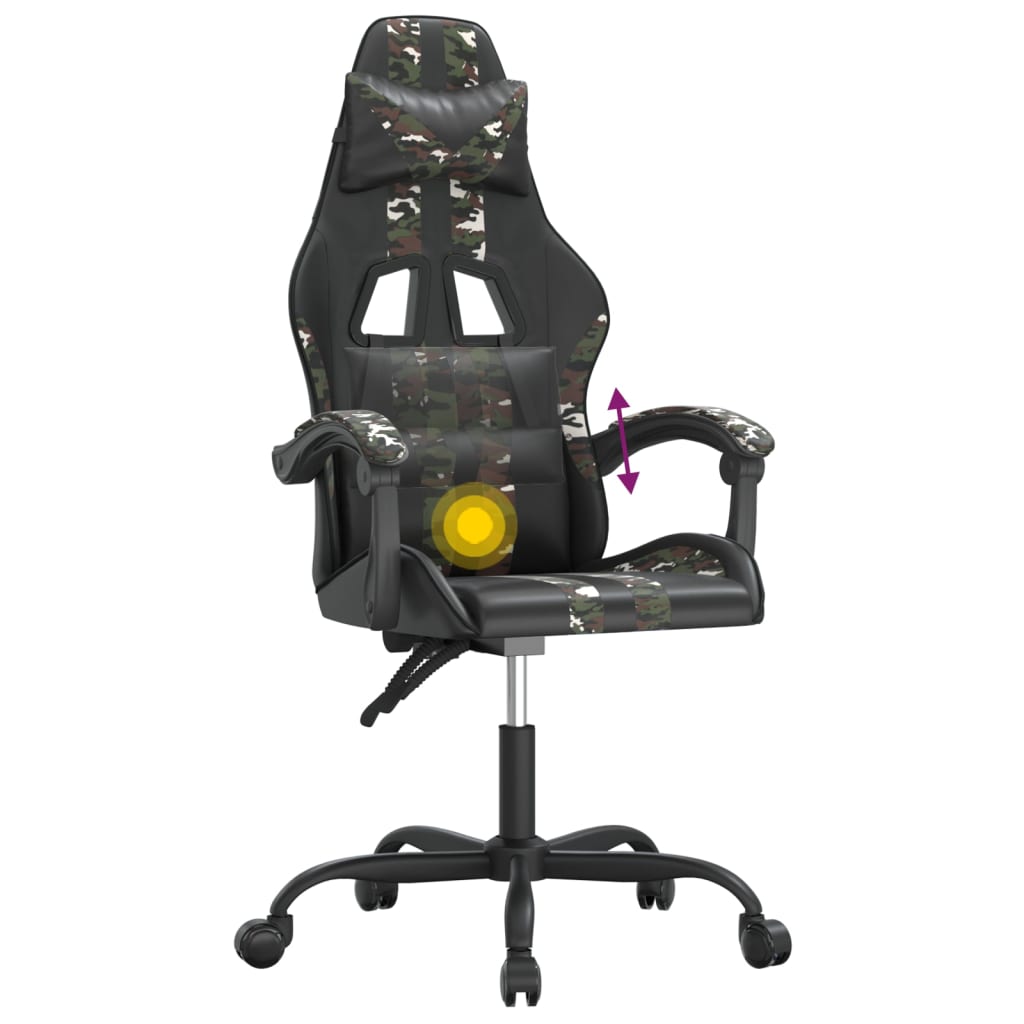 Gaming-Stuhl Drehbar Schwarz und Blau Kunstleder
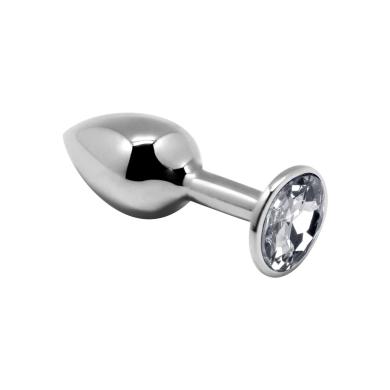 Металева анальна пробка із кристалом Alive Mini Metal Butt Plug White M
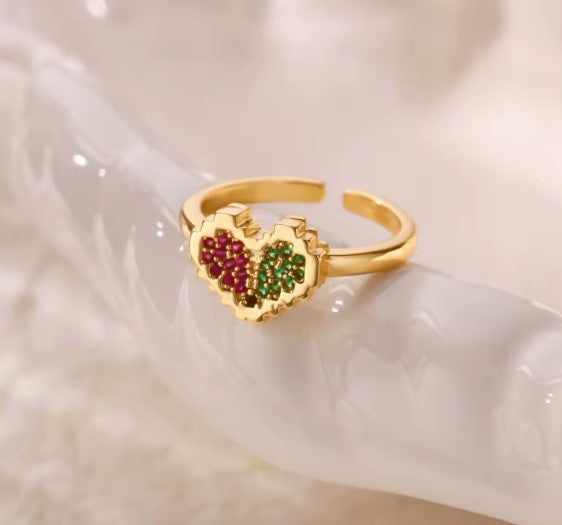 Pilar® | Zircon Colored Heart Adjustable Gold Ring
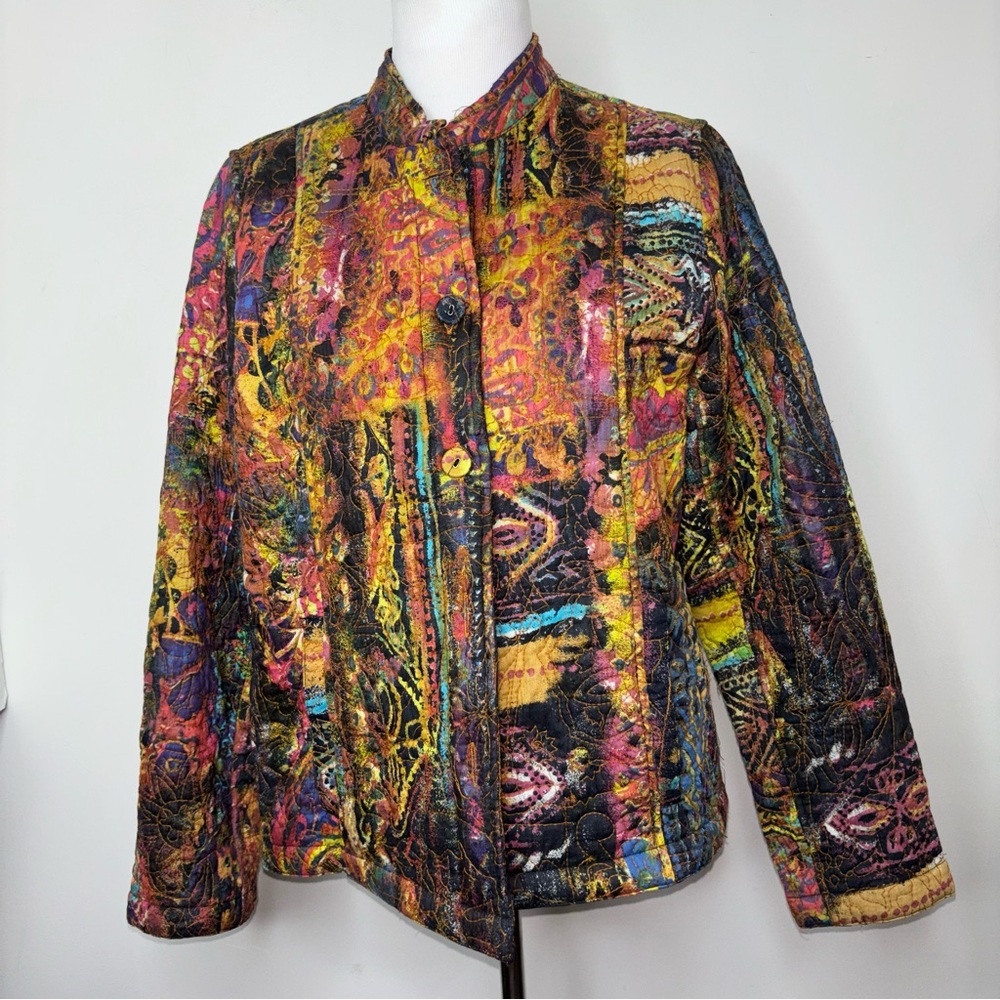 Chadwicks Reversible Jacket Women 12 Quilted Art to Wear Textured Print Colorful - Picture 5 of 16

WHAT TO DO: Your reply should hold only the lines running from the one with "Металева анальна пробка" to the end of the data above, set down exactly, pictures omitted.

SOLUTION TO THE PROBLEM:
 Металева анальна пробка із кристалом Alive Mini Metal Butt Plug White M
 Pilar® | Zircon Colored Heart Adjustable Gold Ring
 Chadwicks Reversible Jacket Women 12 Quilted Art to Wear Textured Print Colorful - Picture 5 of 16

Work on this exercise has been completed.